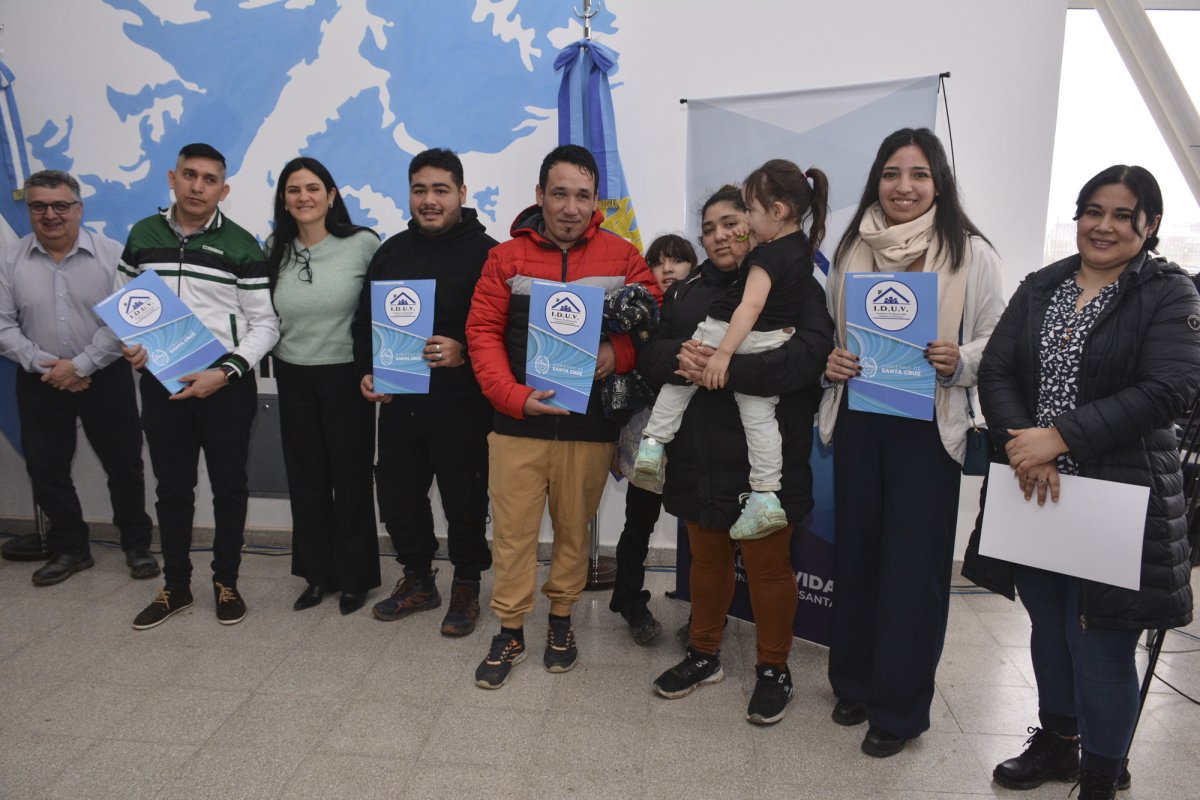 El Gobierno Provincial adjudicó 26 terrenos en el barrio 22 de Septiembre
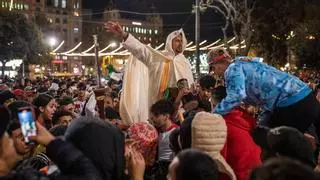 Aficionats marroquins celebren l’èxit de la seva selecció a Catalunya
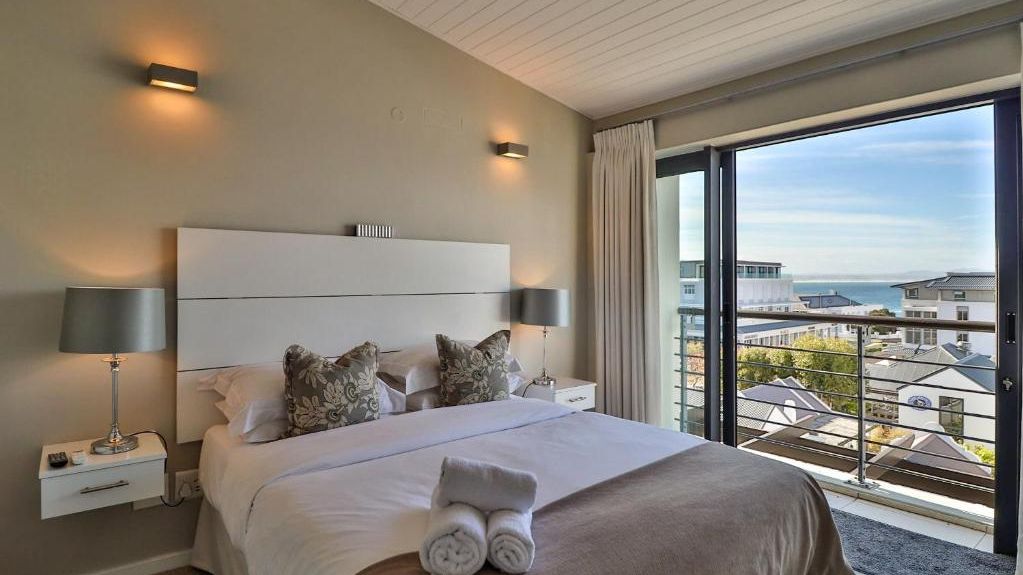Whale Coast All Suite Hotel » Matoke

(Assignment): Send back the data above word for word, with the pictures left out.

(Answer for the task):
 El Gobierno Provincial adjudicó 26 terrenos en el barrio 22 de Septiembre
 Aficionats marroquins celebren l’èxit de la seva selecció a Catalunya
Whale Coast All Suite Hotel » Matoke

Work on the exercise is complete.